Why did Saubhagbhai share his divine knowledge with someone he did not know well? He was very impressed with Shrimadji’s ‘avdhaan’ prowess (ability to attend to many things at a time showcasing one’s mental and spiritual competence) and the way he welcomed Saubhagbhai by name in their very first meeting even though he did not know him, among other things. He felt a high degree of veneration for Shrimadji and, on an inner call, surrendered his whole being to him.
Saubhagbhai informed Shrimadji in a letter just before his demise that he had attained self-realisation.

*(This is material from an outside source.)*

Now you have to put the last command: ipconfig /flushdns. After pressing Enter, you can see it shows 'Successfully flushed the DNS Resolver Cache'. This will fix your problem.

This is evident from letter number 54 dated Jeth Sud 14, Samvat 1953. In another letter dated Jeth Vad 11, Samvat 1953, Ambalalbhai conveyed that Saubhagbhai passed away peacefully in samadhi.
On the morning of Jeth Vad Dasam (June 27), Bhaishree led everyone to Vishranti Dham, where Saubhagbhai lived, in Sayla village to pay homage to this great son of the soil.
Bhaishree reminded us that we were very fortunate to be able to comprehend and appreciate a gnani like Shrimadji through Saubhagbhai’s copious correspondence with him. In a world tainted with greed, material acquisitiveness, and smallness of spirit, there are barely a handful of people who are blessed with Saubhagbhai’s exemplary qualities such as compassion, contentedness, largeness of heart, forbearance, straightforwardness, sincerity, inner purity and evolution of soul. Each of his qualities is worthy of emulation and will inspire generations to come.
Saubhagbhai remains immortal as a human being, an ideal disciple and as the one who shone the light for one of the greatest torchbearers of Jainism – on the passage to his soul.